Meu avô da Mata custeava os estudos do meu pai no colégio Marista de Aracati nos anos cinqüenta. Papai era hóspede da pensão de Zé cabeça de bagre e recebeu de presente do meu avô uma bicicleta Phillips... naquela época eram poucos os que dispunham de transporte tão moderno. Um dia a bicicleta de meu pai foi roubada e a polícia foi a procura dos ladrões e os encontraram bem perto de Limoeiro. A família do meu avô era, para o interior onde moravam, uma família abastada naquela metade de século, basta dizer que seu João Luiz da Mata, meu avô, foi o primeiro a possuir uma nota de conto de réis na região. Naqueles anos em que a cera de carnaúba era valorizada, as vacas engordavam prá ele.
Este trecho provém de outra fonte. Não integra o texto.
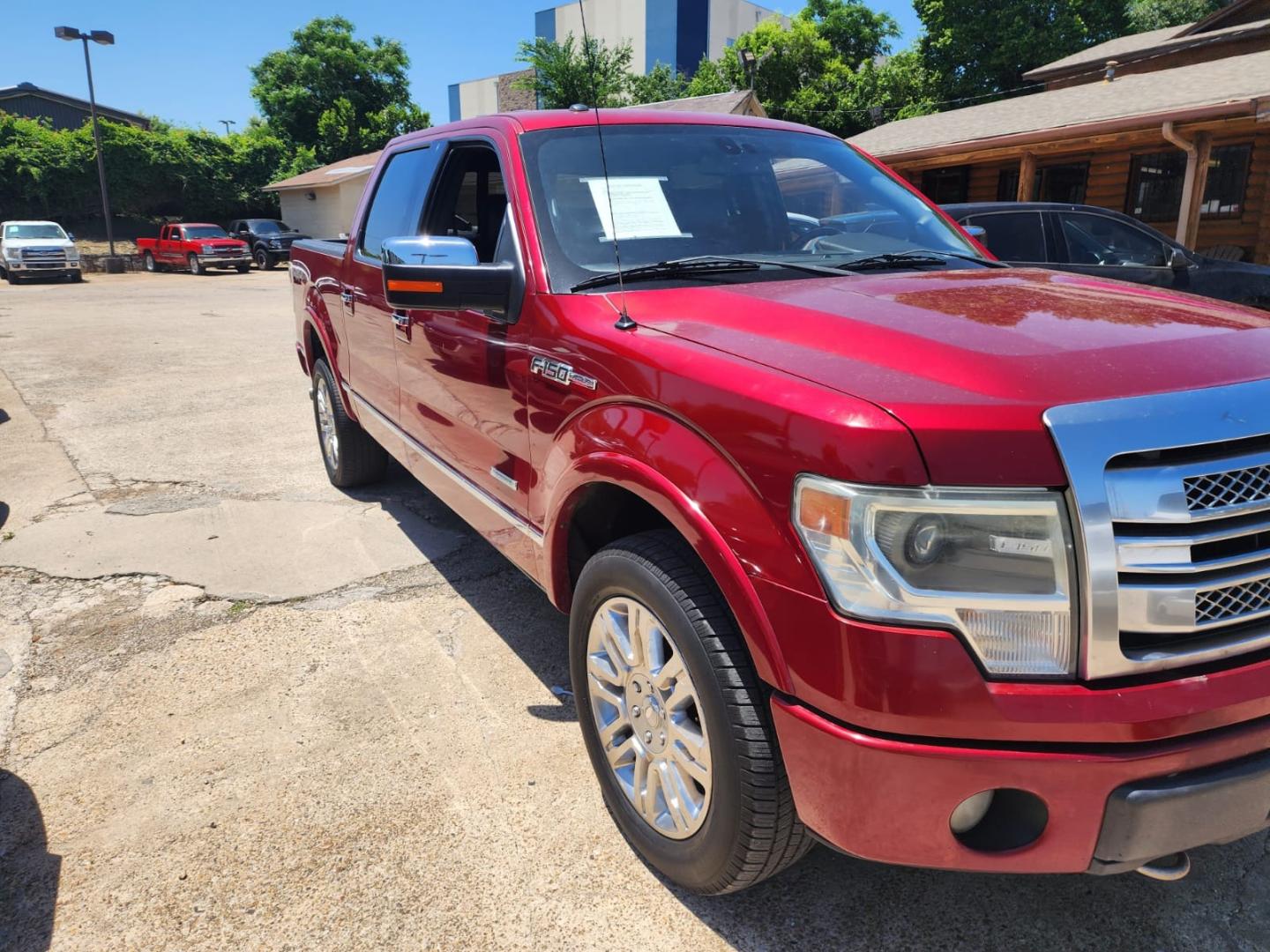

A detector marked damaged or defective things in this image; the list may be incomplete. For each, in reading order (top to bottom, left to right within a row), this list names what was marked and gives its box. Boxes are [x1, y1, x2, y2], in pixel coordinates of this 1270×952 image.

cracked pavement [0, 271, 1265, 949]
Meu pai estudou até o segundo ano do ginásio, serviu o tiro de guerra, namorou um bocado de moças pela cidade e ainda na casa dos vinte e poucos anos conheceu a minha mãe e se casaram sem delongas, isso porque já era de maior e pelos costumes do meu avô, homem sem ambições pra ter doutores na família estava tudo certo. – “ Quer se casar meu filho? pois tá bom! ” . Os recém casados moraram alguns meses na praia de Quixaba e depois se mudaram pra Mata onde lá na casa pequena de frente pro nascente cujos vizinhos era enormes juazeiros e cajueiros, nasceram pelas mãos da parteira Maria Cambota, minha irmã mais velha e eu. Os outros cinco irmãos que tive nasceram em maternidade, o Antonio Jackson, o Isac, o José de Ari matéia, a Eva Wilma e finalmente o Francisco Luciano, todos de parto normal. O Jackson sempre foi traquino e mexia com os animais, é tanto que um jumento de papai, o rouxinho, certa vez se viu acossado pelo meu irmão que chegou a morder-lhe o braço, nesse dia vi papai dar boas umas pancadas no animal.

Papai possuía um rádio à pilha jonhson valvulado de quatro faixas, à noite emitia um som muito puro...menino gosta de algazarra, e papai, nos mandava calar no momento em que o locutor da “voz do Brasil” falava alguma notícia do seu interesse. Foi, certamente numa daquelas noites que foi noticiada as mudanças políticas que ocorreram no país na década de sessenta, mas isso não significava nada pra mim.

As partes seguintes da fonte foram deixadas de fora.